#### MATERIAL PROVIDED:

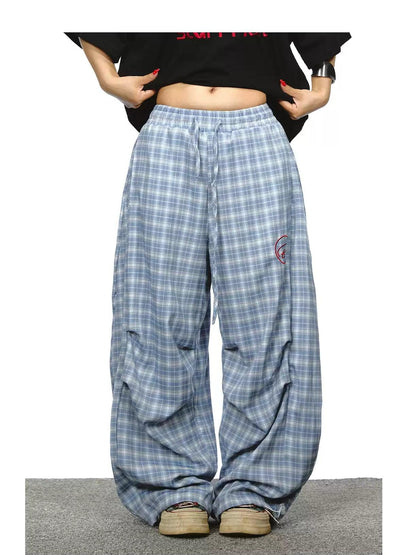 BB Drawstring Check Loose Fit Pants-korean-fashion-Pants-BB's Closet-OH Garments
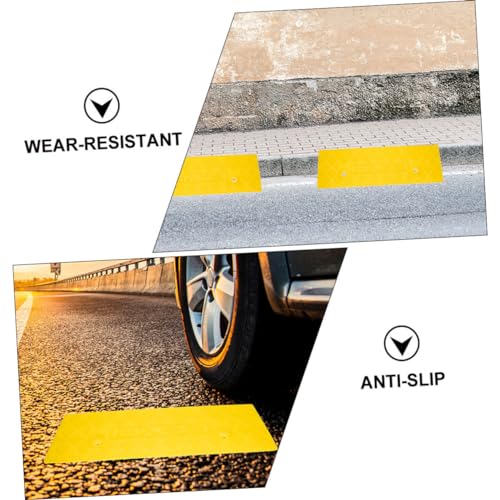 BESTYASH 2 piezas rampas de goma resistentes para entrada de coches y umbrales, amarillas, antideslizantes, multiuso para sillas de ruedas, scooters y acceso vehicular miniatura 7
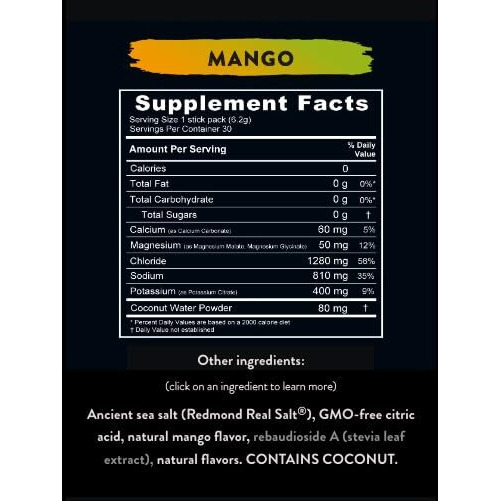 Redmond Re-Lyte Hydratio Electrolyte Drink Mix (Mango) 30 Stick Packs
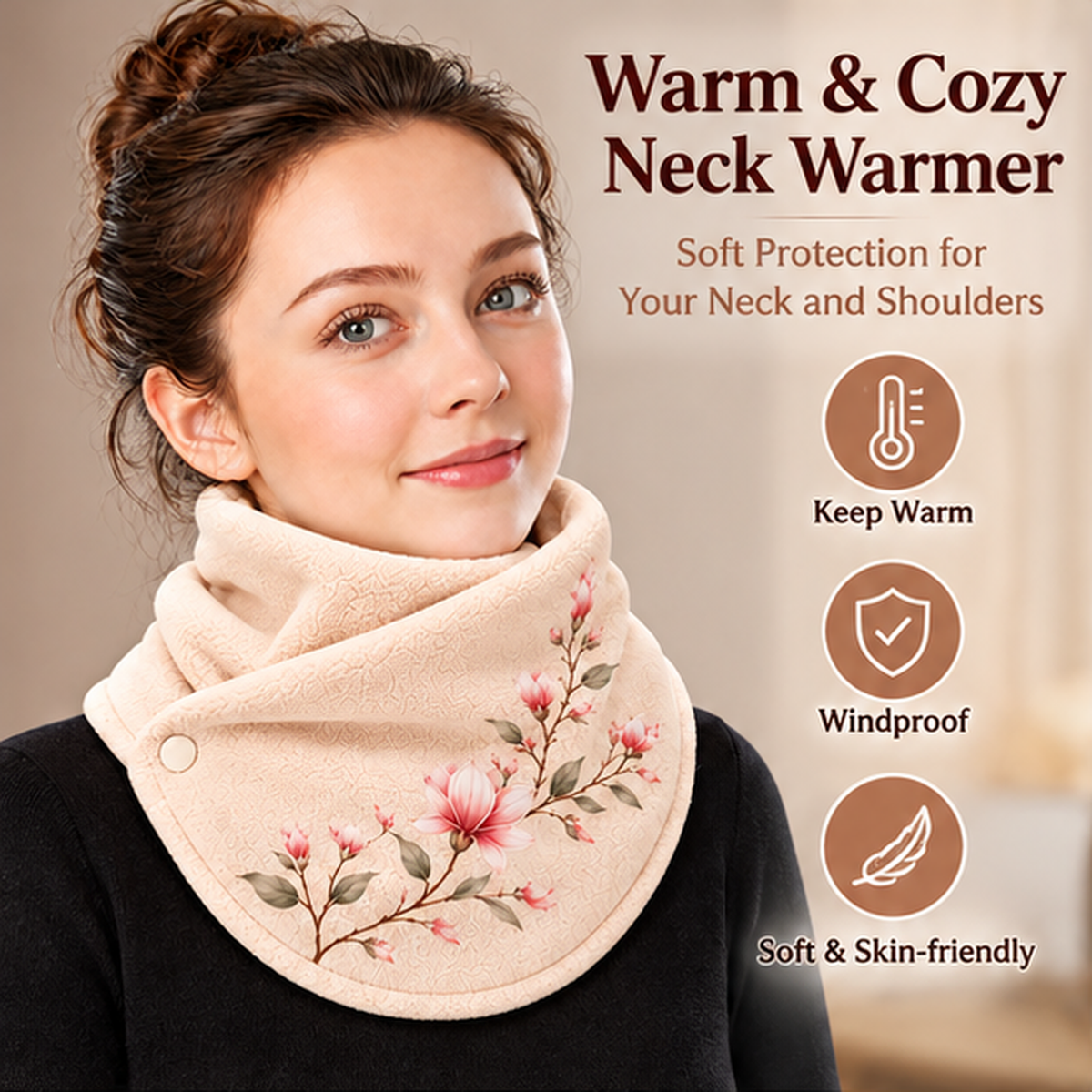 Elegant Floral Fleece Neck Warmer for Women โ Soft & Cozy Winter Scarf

#### TO DO:
Transcribe every line from the one containing "Redmond Re-Lyte Hydratio" to the end of the listing, exactly and exclusively. Do not carry any picture over.

#### SOLUTION TO THE PROBLEM:
 Redmond Re-Lyte Hydratio Electrolyte Drink Mix (Mango) 30 Stick Packs
 Elegant Floral Fleece Neck Warmer for Women โ Soft & Cozy Winter Scarf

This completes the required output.